■ **WHAT THE EXERCISE ASKS**:
Could you print exactly the lines of the listing below, starting at the line that has "Fittbal - Mouse" and ending at the line that has "T-shirt damski bawełniany", and only those lines?

■ **STORED DATA**:
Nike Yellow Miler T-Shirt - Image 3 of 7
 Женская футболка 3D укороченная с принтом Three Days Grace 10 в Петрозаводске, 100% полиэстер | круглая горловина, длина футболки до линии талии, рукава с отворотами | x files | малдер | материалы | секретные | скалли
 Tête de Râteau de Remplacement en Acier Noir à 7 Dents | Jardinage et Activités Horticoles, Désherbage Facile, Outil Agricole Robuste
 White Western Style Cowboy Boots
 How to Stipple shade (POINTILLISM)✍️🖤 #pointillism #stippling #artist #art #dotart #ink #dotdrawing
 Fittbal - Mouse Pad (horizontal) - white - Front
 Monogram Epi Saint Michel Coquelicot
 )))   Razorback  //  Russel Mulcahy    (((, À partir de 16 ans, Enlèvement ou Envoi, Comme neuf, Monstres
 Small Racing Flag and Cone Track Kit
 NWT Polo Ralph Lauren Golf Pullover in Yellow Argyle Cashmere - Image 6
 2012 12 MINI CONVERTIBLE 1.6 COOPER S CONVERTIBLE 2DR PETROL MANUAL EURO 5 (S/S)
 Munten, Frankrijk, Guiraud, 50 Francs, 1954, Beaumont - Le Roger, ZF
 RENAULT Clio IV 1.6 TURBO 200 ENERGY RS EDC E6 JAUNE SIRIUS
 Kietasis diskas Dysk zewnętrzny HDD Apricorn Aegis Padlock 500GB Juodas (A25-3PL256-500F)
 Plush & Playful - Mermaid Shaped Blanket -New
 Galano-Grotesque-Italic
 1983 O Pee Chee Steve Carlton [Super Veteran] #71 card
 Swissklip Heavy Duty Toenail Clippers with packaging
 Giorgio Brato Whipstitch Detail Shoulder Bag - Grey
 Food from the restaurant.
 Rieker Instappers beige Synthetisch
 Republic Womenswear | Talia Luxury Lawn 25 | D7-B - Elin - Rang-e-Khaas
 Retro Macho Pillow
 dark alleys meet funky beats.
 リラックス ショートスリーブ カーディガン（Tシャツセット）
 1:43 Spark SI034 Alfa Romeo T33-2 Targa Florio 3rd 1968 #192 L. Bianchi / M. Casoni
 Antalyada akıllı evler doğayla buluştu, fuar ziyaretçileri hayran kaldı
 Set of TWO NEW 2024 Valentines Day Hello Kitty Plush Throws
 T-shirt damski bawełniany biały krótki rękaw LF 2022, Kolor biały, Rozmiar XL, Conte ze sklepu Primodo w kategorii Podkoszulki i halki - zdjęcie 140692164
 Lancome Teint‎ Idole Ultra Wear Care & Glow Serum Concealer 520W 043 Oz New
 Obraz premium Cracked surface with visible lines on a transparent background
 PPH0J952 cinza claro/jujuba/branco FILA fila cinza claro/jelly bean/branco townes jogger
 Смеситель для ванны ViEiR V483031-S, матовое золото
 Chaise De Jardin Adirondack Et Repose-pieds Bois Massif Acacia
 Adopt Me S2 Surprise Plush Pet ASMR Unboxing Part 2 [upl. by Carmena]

■ **RESPONSE**:
 Fittbal - Mouse Pad (horizontal) - white - Front
 Monogram Epi Saint Michel Coquelicot
 )))   Razorback  //  Russel Mulcahy    (((, À partir de 16 ans, Enlèvement ou Envoi, Comme neuf, Monstres
 Small Racing Flag and Cone Track Kit
 NWT Polo Ralph Lauren Golf Pullover in Yellow Argyle Cashmere - Image 6
 2012 12 MINI CONVERTIBLE 1.6 COOPER S CONVERTIBLE 2DR PETROL MANUAL EURO 5 (S/S)
 Munten, Frankrijk, Guiraud, 50 Francs, 1954, Beaumont - Le Roger, ZF
 RENAULT Clio IV 1.6 TURBO 200 ENERGY RS EDC E6 JAUNE SIRIUS
 Kietasis diskas Dysk zewnętrzny HDD Apricorn Aegis Padlock 500GB Juodas (A25-3PL256-500F)
 Plush & Playful - Mermaid Shaped Blanket -New
 Galano-Grotesque-Italic
 1983 O Pee Chee Steve Carlton [Super Veteran] #71 card
 Swissklip Heavy Duty Toenail Clippers with packaging
 Giorgio Brato Whipstitch Detail Shoulder Bag - Grey
 Food from the restaurant.
 Rieker Instappers beige Synthetisch
 Republic Womenswear | Talia Luxury Lawn 25 | D7-B - Elin - Rang-e-Khaas
 Retro Macho Pillow
 dark alleys meet funky beats.
 リラックス ショートスリーブ カーディガン（Tシャツセット）
 1:43 Spark SI034 Alfa Romeo T33-2 Targa Florio 3rd 1968 #192 L. Bianchi / M. Casoni
 Antalyada akıllı evler doğayla buluştu, fuar ziyaretçileri hayran kaldı
 Set of TWO NEW 2024 Valentines Day Hello Kitty Plush Throws
 T-shirt damski bawełniany biały krótki rękaw LF 2022, Kolor biały, Rozmiar XL, Conte ze sklepu Primodo w kategorii Podkoszulki i halki - zdjęcie 140692164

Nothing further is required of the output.